RECORDED INFORMATION =>
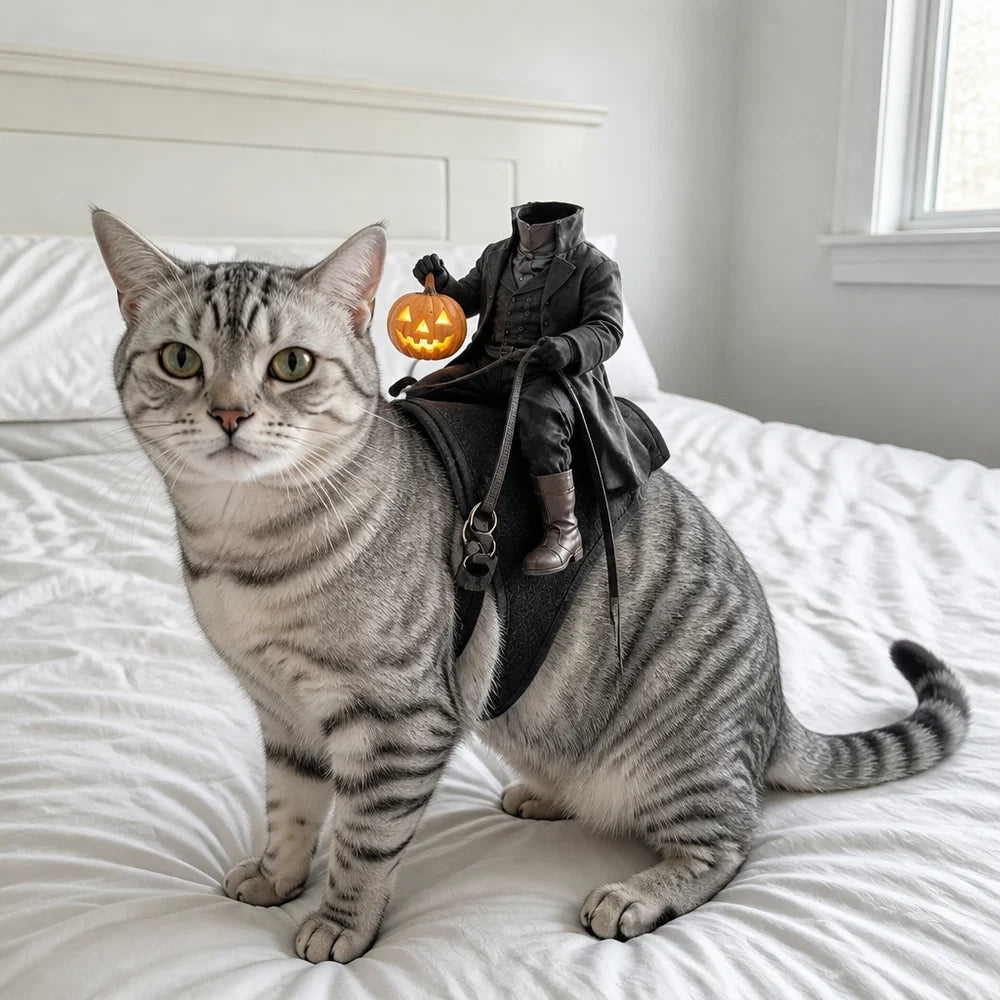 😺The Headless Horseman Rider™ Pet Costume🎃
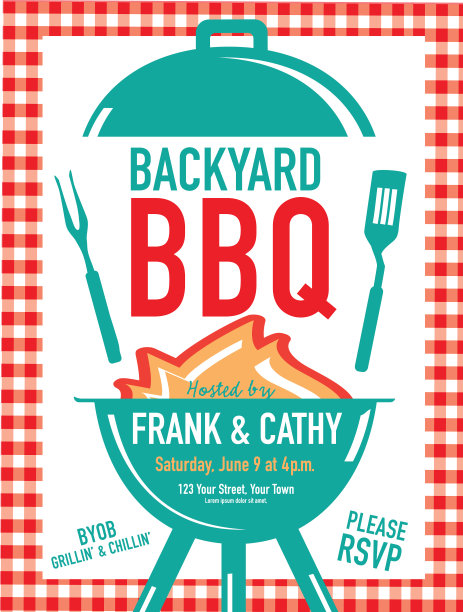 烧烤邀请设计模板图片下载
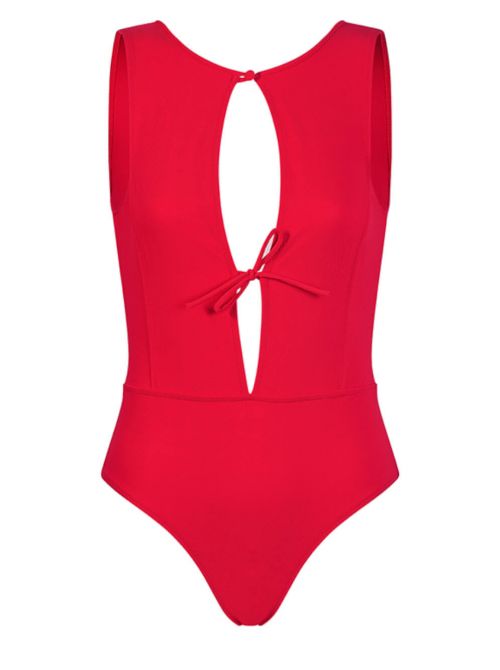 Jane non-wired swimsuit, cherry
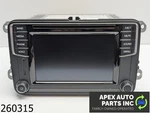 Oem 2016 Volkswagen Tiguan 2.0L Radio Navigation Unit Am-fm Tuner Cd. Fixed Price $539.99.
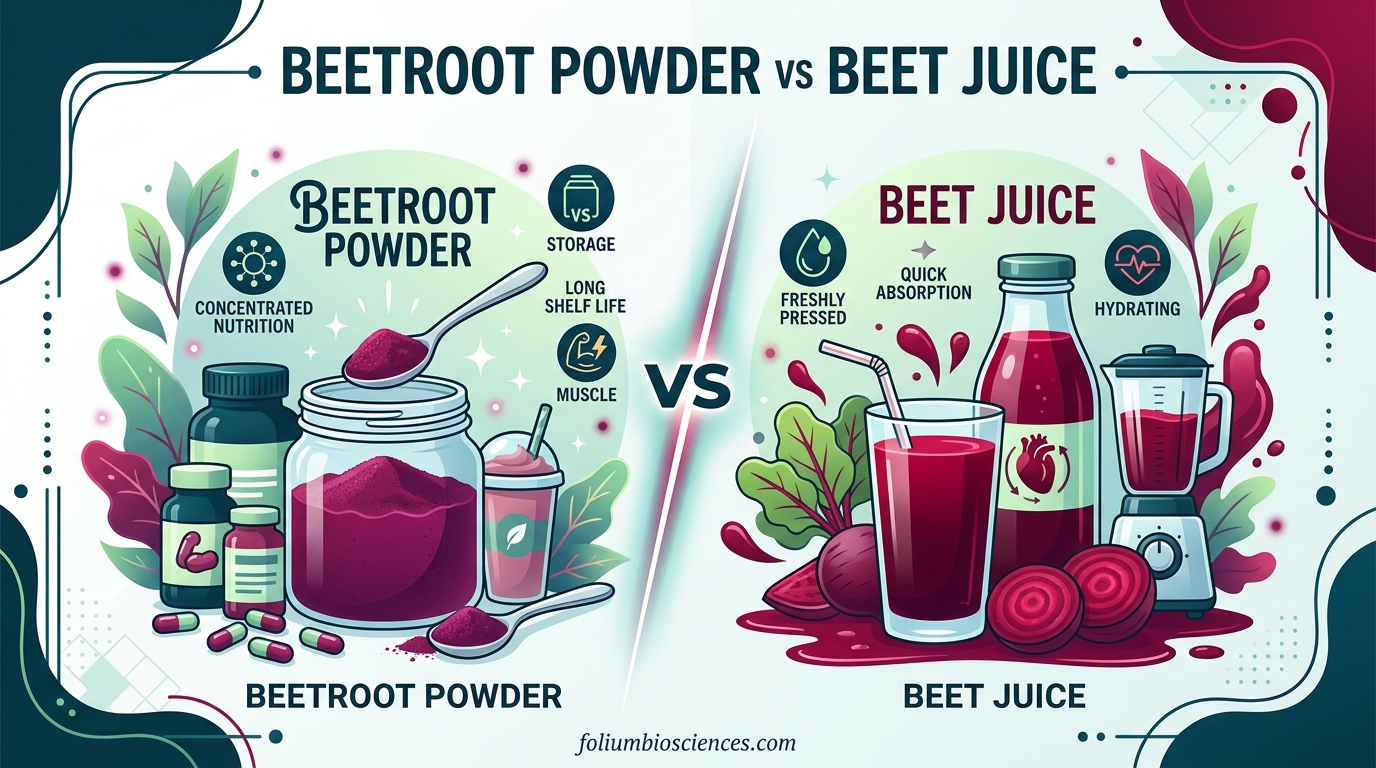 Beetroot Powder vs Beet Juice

THE TASK => The lines to return run from the line containing "Jane non-wired swimsuit, cherry" through the last line of the records. Give them exactly, omitting pictures.

RESULT OF THE TASK =>
 Jane non-wired swimsuit, cherry
 Oem 2016 Volkswagen Tiguan 2.0L Radio Navigation Unit Am-fm Tuner Cd. Fixed Price $539.99.
 Beetroot Powder vs Beet Juice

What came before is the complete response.